Heat. This race is all about managing heat. The high of 95 degrees F and intense humidity made this the toughest Ironman race I have ever completed of any length. I raced the half and thought many times I couldn’t imagine racing a full in this kind of heat.
This race was not about a personal record or a world championships slot for me; it was about getting fully into the body and feeling everything from this past season. 5 months out from a bike crash and grade 3 AC shoulder separation, my focus was on testing shoulder strength, Celebrating imperfect ability, imperfect recovery. Testing the spiritual strength brokenness offers. Putting myself through a bonfire and seeing what survives.
Check-in logistics for this race are complicated. The race check-in at the host hotel is midway between T1 (bike check-in) several miles to the north and T2 several miles to the south. T1 is at the bottom of a very long, steep hill, which you can’t drive down. Leave at least an hour to park, walk down, get body marked, check-in the bike, and walk back up to the parking area. About a 20-min drive from T2 to T1 for run check-in, which has to be completed the night before the race—don’t count on being able to access a run transition bag on race morning.

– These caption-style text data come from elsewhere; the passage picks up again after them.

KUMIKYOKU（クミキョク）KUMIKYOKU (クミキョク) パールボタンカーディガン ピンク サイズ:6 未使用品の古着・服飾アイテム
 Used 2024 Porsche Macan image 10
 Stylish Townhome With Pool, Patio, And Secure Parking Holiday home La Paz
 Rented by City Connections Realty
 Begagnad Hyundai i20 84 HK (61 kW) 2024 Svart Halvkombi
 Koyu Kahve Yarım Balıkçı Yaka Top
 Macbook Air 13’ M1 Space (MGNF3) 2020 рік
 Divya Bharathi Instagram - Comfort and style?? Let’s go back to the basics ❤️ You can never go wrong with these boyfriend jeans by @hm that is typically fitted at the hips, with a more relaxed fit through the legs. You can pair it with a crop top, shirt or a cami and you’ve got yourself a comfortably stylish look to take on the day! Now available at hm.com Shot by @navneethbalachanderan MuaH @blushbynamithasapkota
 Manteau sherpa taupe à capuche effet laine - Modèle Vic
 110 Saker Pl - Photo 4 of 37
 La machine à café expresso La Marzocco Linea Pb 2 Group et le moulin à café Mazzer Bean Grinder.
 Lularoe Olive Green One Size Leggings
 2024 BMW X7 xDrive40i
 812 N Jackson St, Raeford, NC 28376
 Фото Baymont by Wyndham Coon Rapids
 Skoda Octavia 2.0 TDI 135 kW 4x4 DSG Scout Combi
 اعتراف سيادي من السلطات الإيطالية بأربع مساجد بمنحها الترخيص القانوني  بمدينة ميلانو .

The ocean water gets very warm, very fast. I cannot imagine wearing a wetsuit in this race, even if it’s legal temp. One more reason to settle in and drop the heart rate as soon as possible. The swim’s end can sneak up on you as the depth changes quickly. Definitely take the time to apply sunscreen well during T1, especially if racing the full. Even as early as 8AM on the road you will be in full sun.
The bike course is beautiful. Long, steady climbs at low grades mean a tough effort but super fun descents. The roads for the entire bike course are very well paved—seemed brand new—mostly highways closed for the race, into and out of the mountains surrounding Los Cabos. The bike was over too soon, but given the heat it was really hard to gauge how much to push it for the last 10miles. I had no idea how a half marathon would feel in the mid-day heat, so I played it very conservative and I think this contributed to a steady run. In this race it was rare for even athletes at peak conditioning not to walk some part of the run because the heat was just too much.
Two run superpowers: salt tabs and ice! I took a salt capsule every 30 min (started the last 30min of the ride) and absolutely believed that saved my legs. I almost couldn’t walk the first few steps off the bike, legs totally buckled but sure enough give it 3 miles and I found a rhythm that was never easy in the heat, but steady. I didn’t push it; my goal was simply to run the entire 13.2 mi, not to walk. That meant 9-ish min miles. What saved my mind: ice, ice baby. There were aid stations at least every mile, and I sipped a few sips of ice water at every one, poured the rest out or down my back (avoid your shoes! I saw so many runners sloshing through soaked shoes 5mi in and then walking through blisters miles later. Keep the feet as dry as possible!) and slipped the big pieces of ice down the front and back of my top, behind my visor on my head, and—this is key—held ice in my hands almost the whole race. Hands are the body’s major heat conductors. Simply holding ice felt like it cooled my whole body. The last 3 miles were pure hell. That simple. I ran on rage at the heat, and started dropping to 8min miles. The feeling of passing peak-conditioned athletes walking at the end of that gnarly run is amazing and worth the strategy of holding something back. Unless you train in crazy heat and humidity you simply don’t know what your body is going to do the second half of the run.
The finisher’s chute is high energy, right in the center of town. It always amazes me how much transfers as I approach a chute. Completely drained seconds before, round a corner to a cheering crowd and discover some extra gear hidden down underneath everything. Sub-7-min pace into the finish line.
The most incredible feeling of the day was stepping into a blow-up pool ice bath in the shade of the finisher’s plaza, biting into a hot piece of pizza. Totally spent. Completely happy.
Have a plan to get out of old town Los Cabos after the race. Every paved street is shut down/re-routed. We found a dirt road through corn field, dodged cows and dogs and somehow found our way back to El Ganzo Hotel, which is funky, rustic perfection on the marina. Mezcal & sushi by the infinity pool overlooking the Pacific, and a deep, long sleep. Cheers to now.